I won’t go into the background story of how I started that particular hobby (not today anyway), but I will say that although it’s fun some of the time, I also find it unbelievably stressful. This is partly because there is absolutely no way for me to avoid creating a massive mess with all the stuff, and also (and related) that it takes me ages to make anything because I am constantly looking for the thing that I had in my hand only ten minutes earlier.

Yesterday I started with a determination NOT to get stressed, to keep it simple, and tidy.

I will try again today.

Shoulds

I can see from my window that it must have been a glorious sunrise, but even though I was awake in time – even though I was up in time – I didn’t go to the sea to watch it, and now I wish I had. Wait, didn’t I say a while back that I didn’t do regret? I think you’ll find I said that the only things I regret are the ones I don’t do, and I didn’t go to see the sunrise.

Yesterday was such a nice sunny day that I thought, I should really have taken my van out – I thought that at about half past eleven, when it was really too late, so I told myself that today I’d plan to go out and take a picnic, because if I tell myself in advance there’s a better chance that I’ll do it. But then yesterday evening and first thing this morning I looked at the weather forecast, and it said it was going to be cloudy, so I more or less convinced myself that that was a good enough excuse not to do anything about it, to stay home again listening to the radio and sorting out my weather blanket. Now I can see sunshine on the roofs opposite and a clear sky behind and I’m not so sure that that excuse is valid.

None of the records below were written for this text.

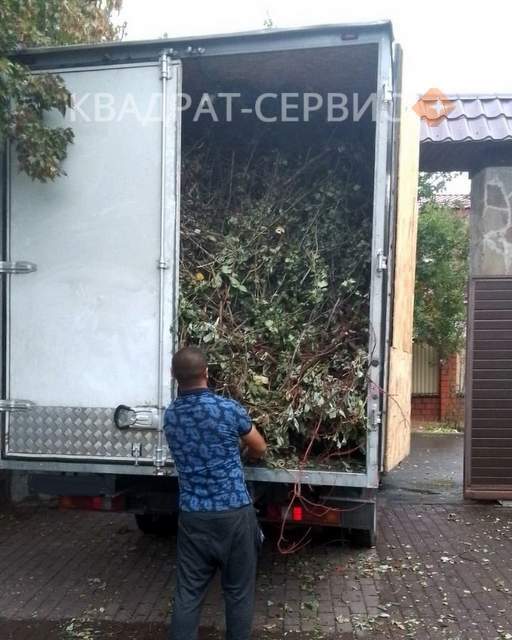 Обрезки веток и деревянные остатки после расчистки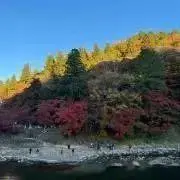 ☆みん☆の画像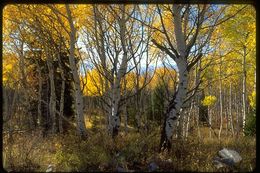 Image of quaking aspen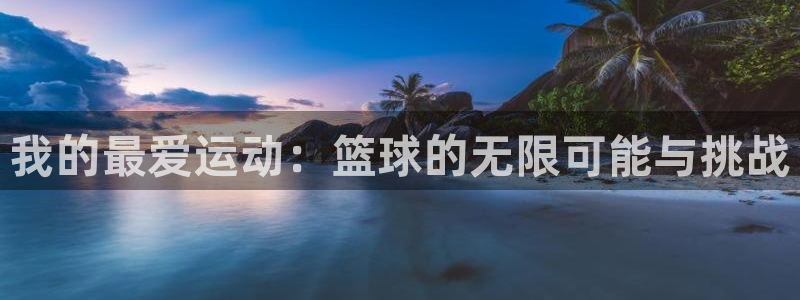 米兰体育官方正版app五金厂：我的最爱运动：篮球的无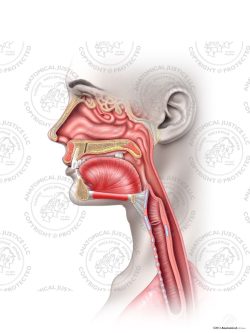 Normal Female Anatomy of the Left Throat – No Text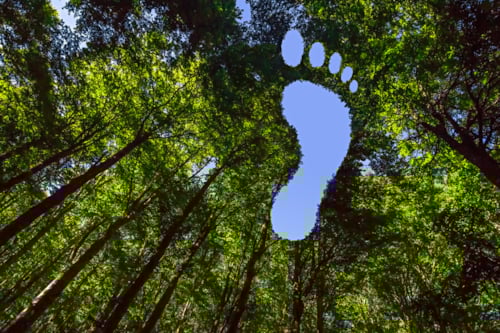 天空树叶脚印轮廓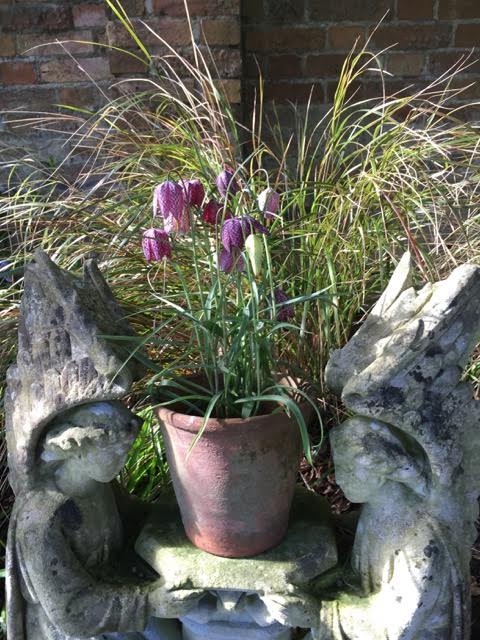 snakeshead fritillaries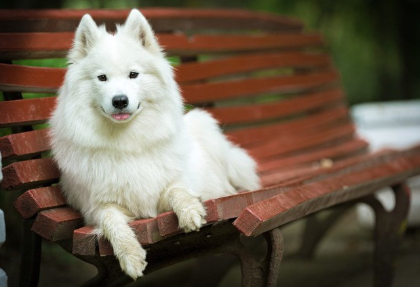 벤치에서 편히 쉬는 사모예드.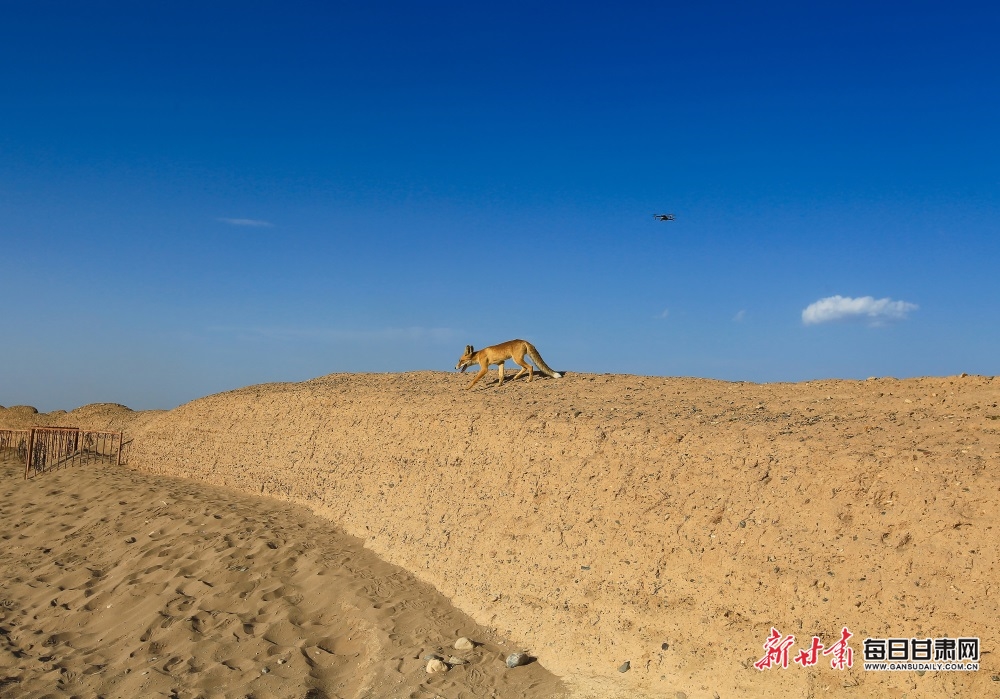 锐评|女生在上海禁烟场所被烟头烫伤，绝不能被视为“个人纠纷”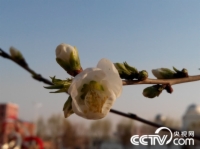                                                                      
      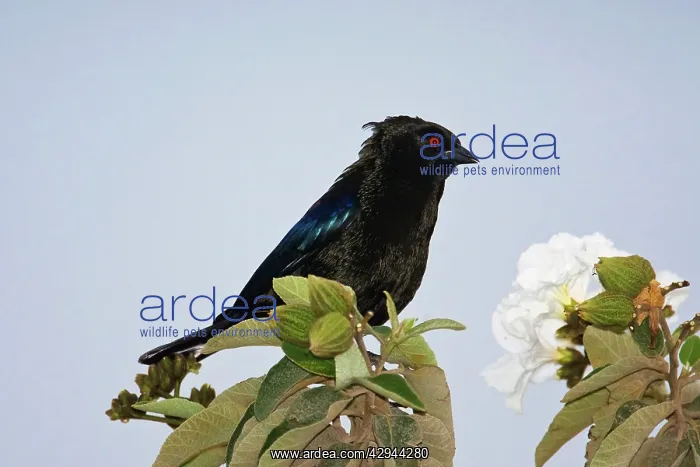 : Bronzed Cowbird - male : Bronzed Cowbird - male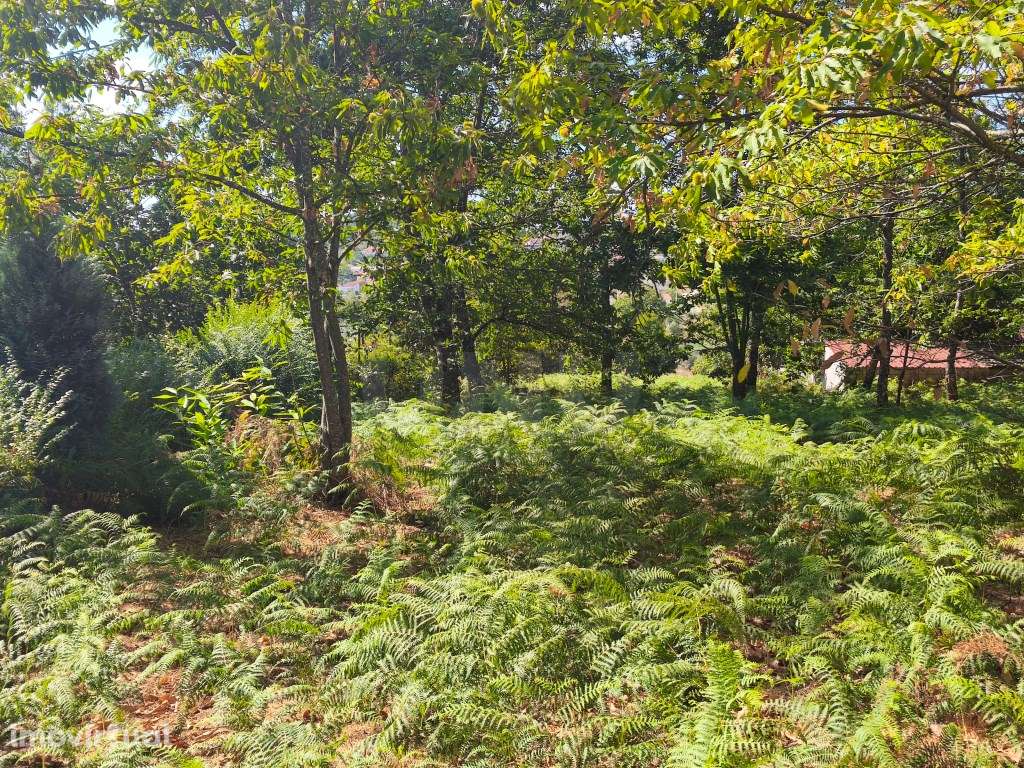 Prédio rústico em zona de construção - Grande imagem: 4/8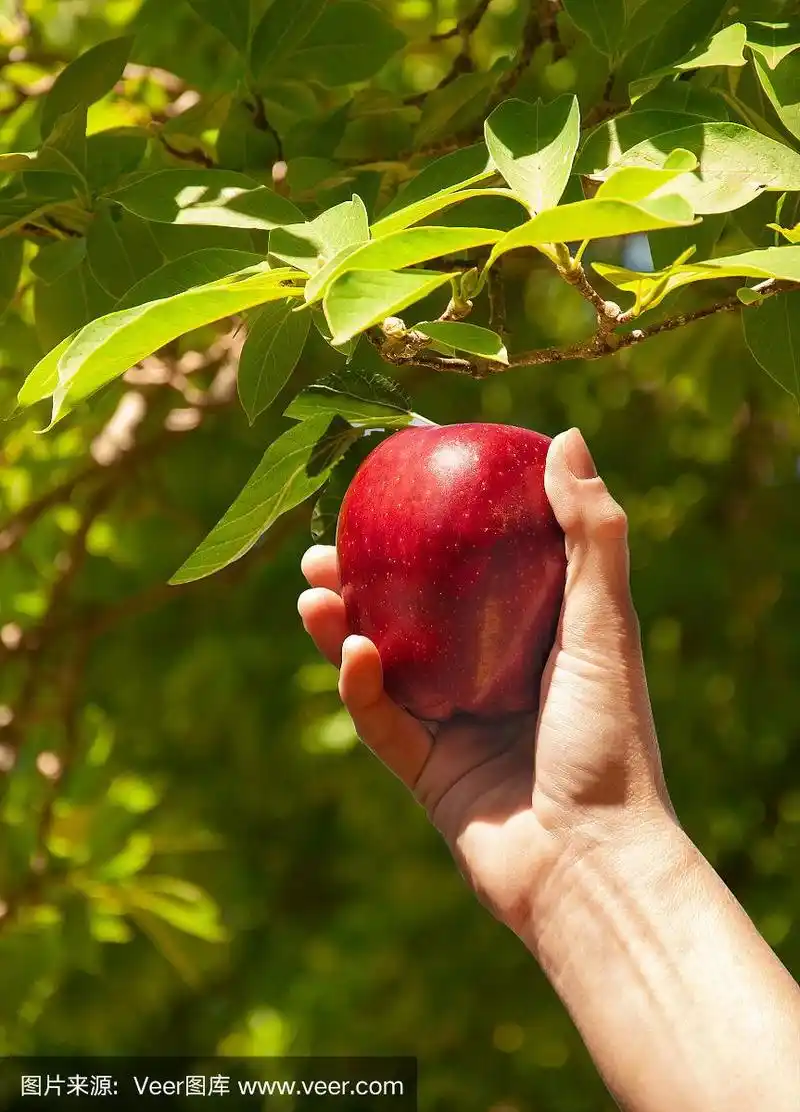 在果园里亲手摘苹果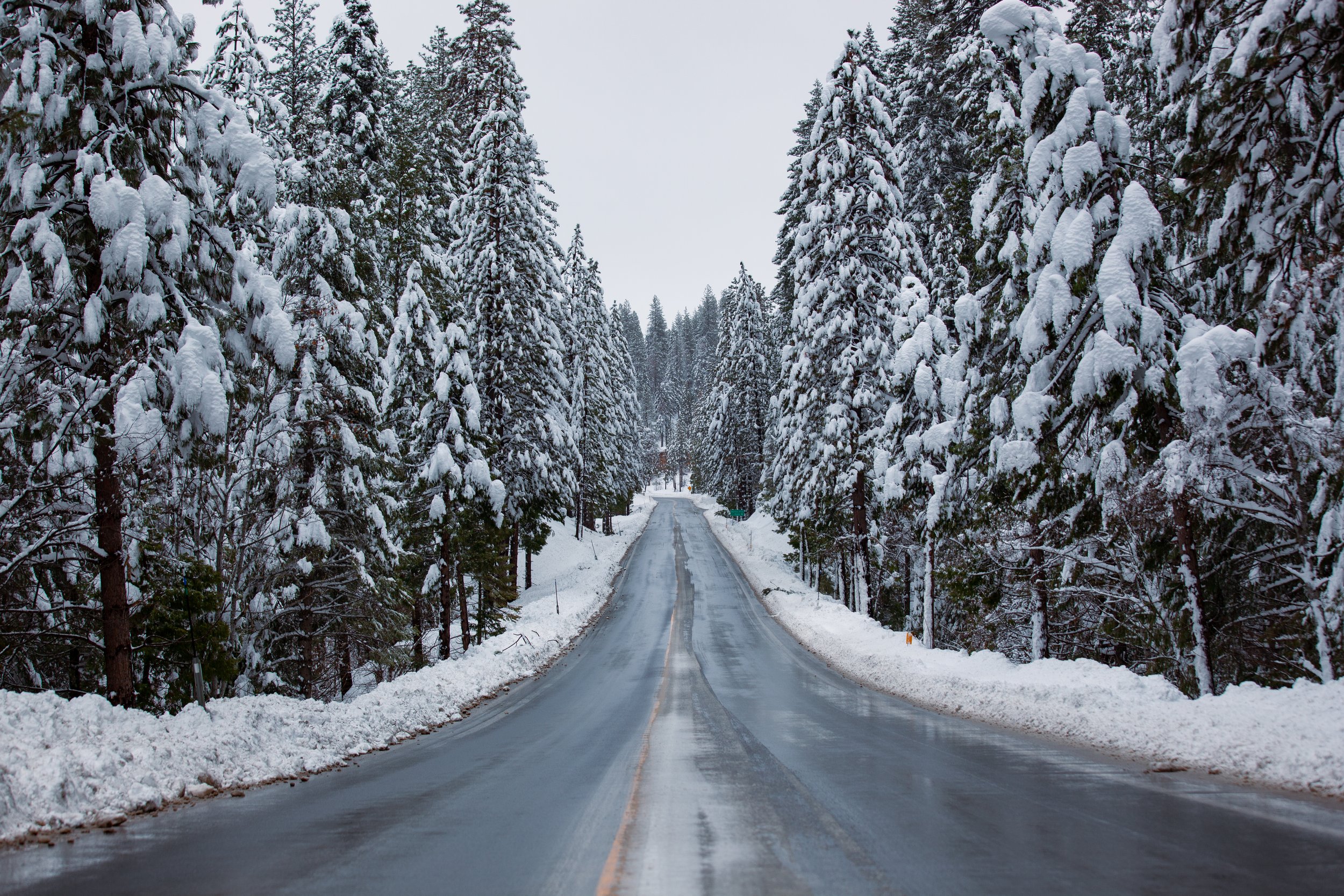 Yosemite is the place of heaven and it was snowing so roads were closed. This picture was captured around 15 miles before the main park.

Taking the van out always feels like it’s going to be a chore, to make sure the battery doesn’t pack up and avoid getting a telling off from the guys at the garage. It’s taking up time that I could be spending sitting in the armchair crocheting. Because yesterday I finished the Christmas jumper – apart from annoying tasks like sewing in the ends, and I’m not seeing my daughter till Friday week, so there’s plenty of time to sort those out.

Now that shaft of bright sun has disappeared, and I can see that what looked like a ‘clear’ sky is actually a solid sheet of high, light cloud – but it still doesn’t look bad enough to use as an excuse. And it’s a month since I took it out – once a month over winter should be enough to keep it ticking over. Do I have to go all the way to the country park? My parking season ticket is still valid. I can go into Sainsbury’s on the way and buy a picnic, drive there and park under the trees, make a cuppa and sit inside the van if it’s raining.

I know that’s what I should do. Here we go again, about the ‘shoulds’. This is not just what some voice from childhood is muttering into my inner ear. It’s something that I know will make me feel better once I’ve done it, and that I also know won’t be as bad as it seems once I get started – but I still don’t want to do it. Which is the story of my life – so really, I know I have to go.

Home Decor (continued)

Yesterday I wrote but didn’t post, because I felt it was too miserable, just read it again and it doesn’t seem so bad, should I post it instead of writing anything today? Because I don’t feel any better today than I did when I wrote that. Or should I try and write something innocuous, about bookshelves, maybe?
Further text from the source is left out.